Task instructions
In the copy, include exactly the lines from the one with "egzersiz fitness kadın" through the end of the data and no others, both ends kept, with every picture left out.

Material provided
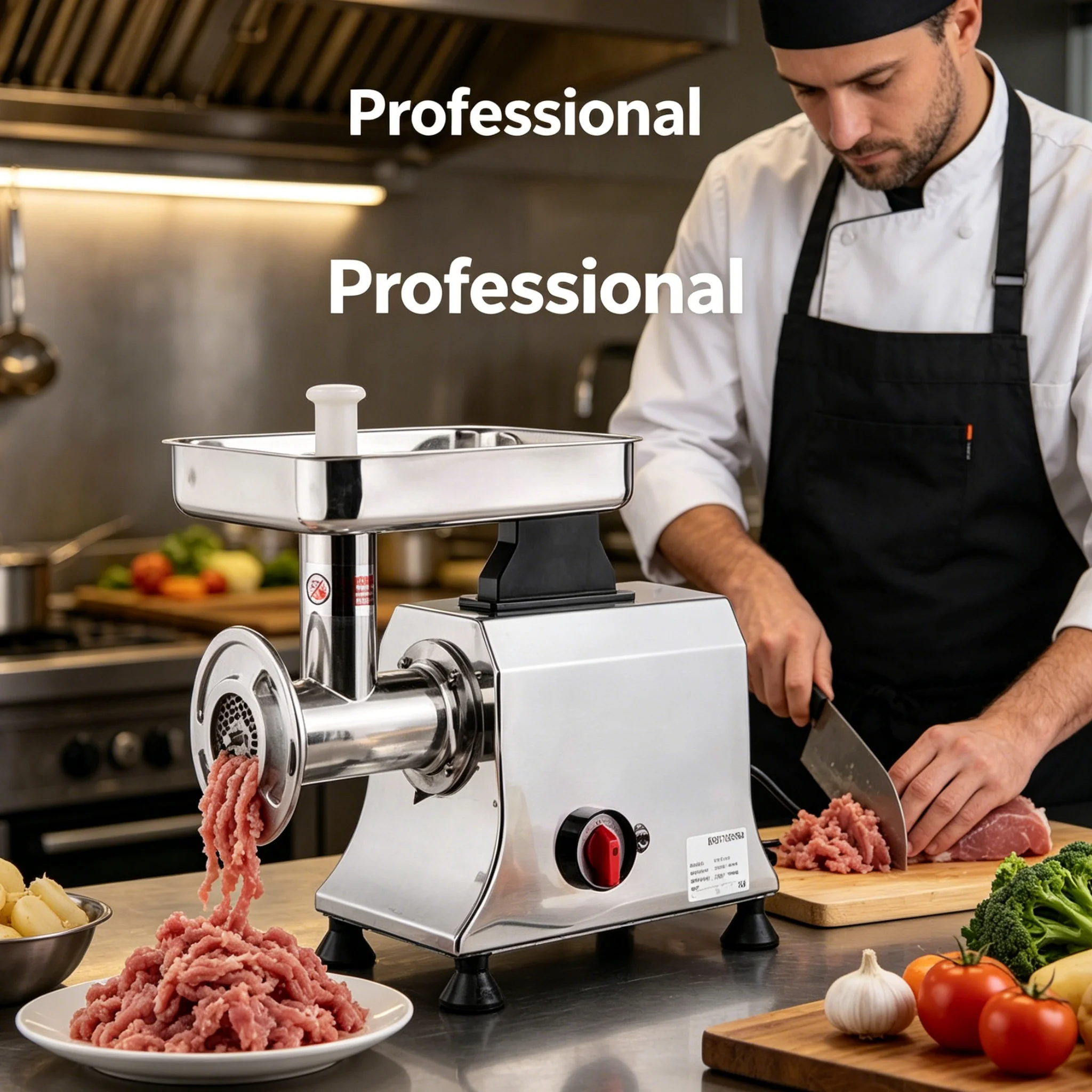 Commercial Grade Electric Meat Grinder Powerful Heavy Duty Stainless Steel Meat Mincer For Butcher
Commercial Grade Electric Meat Grinder Powerful Heavy Duty Stainless Steel Meat Mincer For Butcher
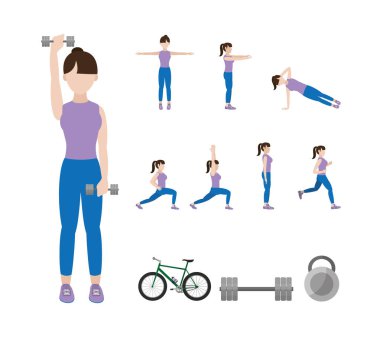 egzersiz fitness kadın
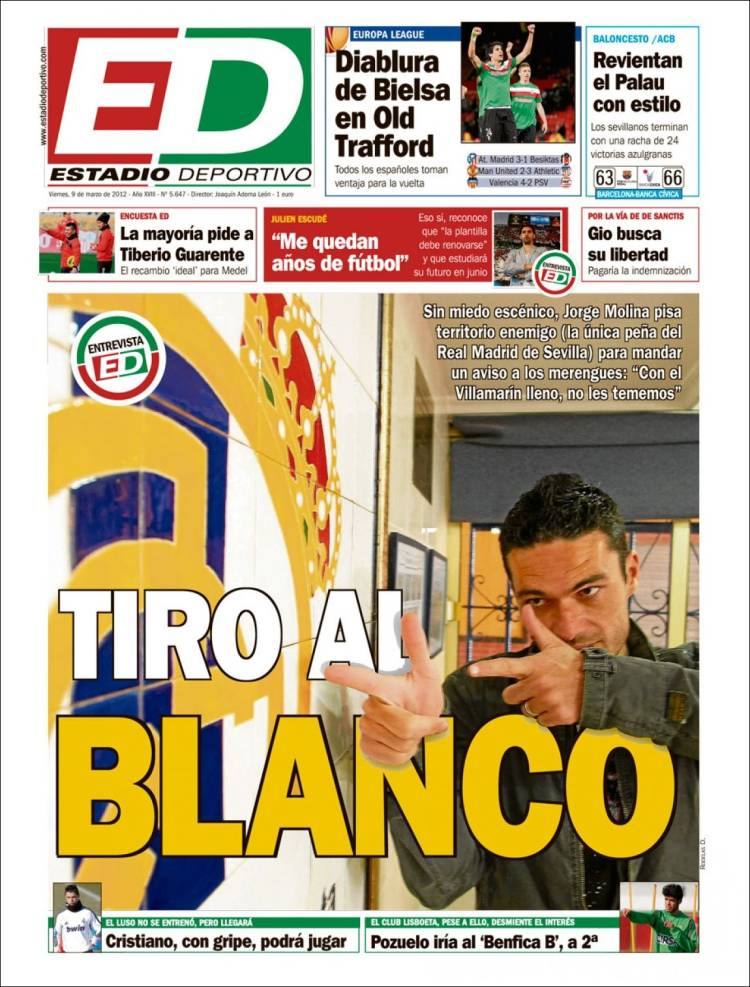 Portadas de la prensa deportiva (09-03-2012)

Exercise result
 egzersiz fitness kadın
 Portadas de la prensa deportiva (09-03-2012)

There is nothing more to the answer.